• Task description:
Where a record contains a picture, omit it; otherwise reproduce the listing exactly.

• Record extracts:
· · · · · · ·

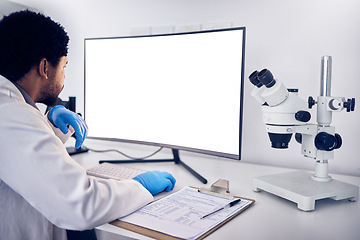 Image showing Mockup, science and black man with computer, research and typing for data analysis, healthcare and cure. Medical professional, researcher and Nigerian scientist with focus, online search and digital.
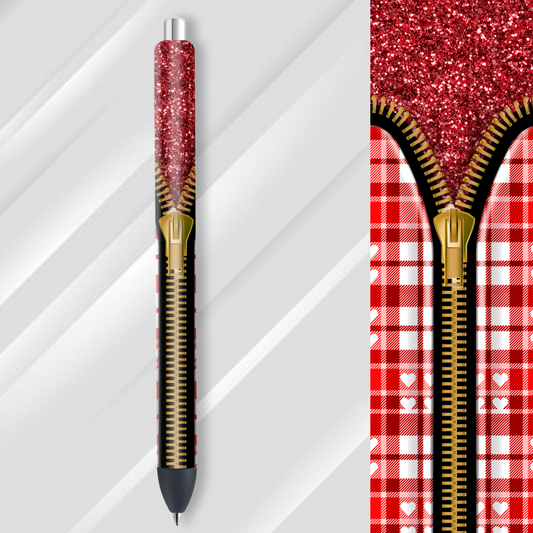 Vinyl Pen Wrap / Bookmark Prints - Red Plaid Zipper - P100058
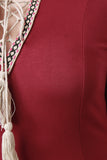 Tassel Lace-Up Embroider Quarter Sleeves Shift Dress
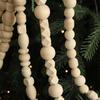 Long Wooden Beaded Garland for Fireplace & Christmas Tree Decor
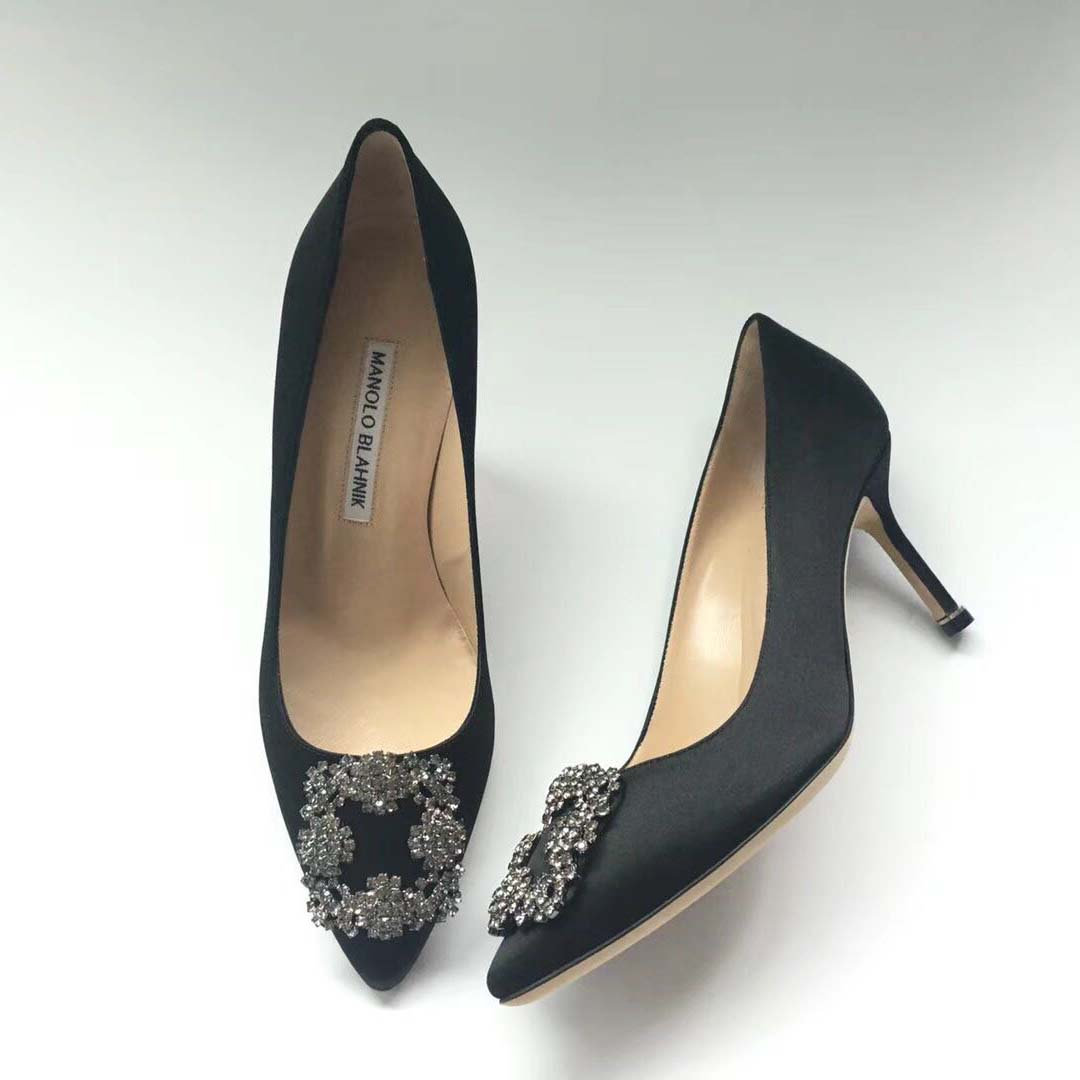 Manolo Blahnik Women Hangisi 70 Satin Jewel Buckled Pumps Shoes-Black - Image 3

· · · · · · ·

• Output of the exercise:
 Image showing Mockup, science and black man with computer, research and typing for data analysis, healthcare and cure. Medical professional, researcher and Nigerian scientist with focus, online search and digital.
 Vinyl Pen Wrap / Bookmark Prints - Red Plaid Zipper - P100058
 Tassel Lace-Up Embroider Quarter Sleeves Shift Dress
 Long Wooden Beaded Garland for Fireplace & Christmas Tree Decor
 Manolo Blahnik Women Hangisi 70 Satin Jewel Buckled Pumps Shoes-Black - Image 3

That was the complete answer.